Todo el mundo percibe que el Estado perdió la batalla. No sirve la militarización, no sirve la negociación. Estamos en un momento en que al parecer nada sirve
Los más incómodos con el plan de la ceremonia en el Cauca, de hecho, podrían ser los propios homenajeados por De la Espriella. El Ejército colombiano carga con varias deudas históricas que condicionan su papel público. Arrastra, por ejemplo, el lastre de los mal llamados falsos positivos: más de 6.402 civiles ejecutados y camuflados como bajas guerrilleras, según la justicia transicional. Solo así se entiende que ahora midan cada paso que dan.
Desde hace unos años, señalan los analistas, los mandos extremaron precauciones. En los cuarteles arraigó lo que Bonilla describe como “obediencia reflexiva”, y los altos oficiales advierten con severidad a sus subalternos sobre los límites legales de sus operativos o acciones. Pedro Medellín, politólogo y profesor de la Universidad Nacional, matiza y recuerda, en todo caso, que la responsabilidad no fue solo castrense: distintos gobiernos civiles presionaron para lograr resultados y, cuando surgieron los escándalos porque se extralimitaron en sus funciones o violaron los derechos humanos, gran parte de la carga política y penal recayó en los uniformados.
Por eso, este turbulento traspaso de poderes dejó una paradoja institucional que Medellín subraya: “Ver a los militares defendiendo los resultados electorales y exigiendo al gobierno civil que cumpla con los principios de la democracia es un hecho que fortalece el sistema”. Al mismo hilo recuerda que, hace unas semanas, cuando Petro deslizó la idea de no reconocer la derrota electoral de su candidato, Iván Cepeda, fue su propio Ministro de Defensa quien garantizó públicamente que el relevo se haría bajo el imperio de la ley. “No es un cheque en blanco”, zanja Bonilla. “Ningún presidente en Colombia ha logrado apropiarse del todo de las Fuerzas Militares”, recuerda.
Un dato electoral suma simbolismo: el sureño departamento del Cauca votó mayoritariamente en contra del proyecto radical De la Espriella.
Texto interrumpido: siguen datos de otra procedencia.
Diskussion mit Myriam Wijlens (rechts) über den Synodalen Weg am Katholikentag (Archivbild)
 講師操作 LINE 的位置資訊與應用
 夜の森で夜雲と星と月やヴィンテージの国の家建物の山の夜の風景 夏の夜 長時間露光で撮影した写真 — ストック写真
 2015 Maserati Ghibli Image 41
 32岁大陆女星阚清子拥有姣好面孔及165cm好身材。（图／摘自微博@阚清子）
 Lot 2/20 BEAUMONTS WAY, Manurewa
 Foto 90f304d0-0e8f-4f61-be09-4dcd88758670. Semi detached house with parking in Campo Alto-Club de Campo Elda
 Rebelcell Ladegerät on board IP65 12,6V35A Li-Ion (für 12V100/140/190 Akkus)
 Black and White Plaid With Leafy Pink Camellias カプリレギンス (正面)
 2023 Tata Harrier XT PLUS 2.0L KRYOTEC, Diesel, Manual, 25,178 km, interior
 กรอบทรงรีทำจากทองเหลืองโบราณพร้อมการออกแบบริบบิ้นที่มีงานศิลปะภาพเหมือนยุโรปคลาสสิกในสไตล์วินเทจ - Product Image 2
El candidato, de 48 años, perdió allí de forma contundente en unas elecciones tan ajustadas que la diferencia nacional se resolvió, en buena medida, por los votos de los colombianos en el exterior. “Es un mensaje de golpe de mano en una zona adversa”, interpreta Bonilla. La analista, no obstante, relativiza el impacto operativo: ningún grupo criminal va a retroceder porque la toma de posesión ocurra en una guarnición. El valor práctico del mensaje, agrega, favorece más al “ego” del mandatario electo que la seguridad real de la región, marcada por las economías cocaleras, los conflictos sociales y la salida estratégica al océano Pacífico.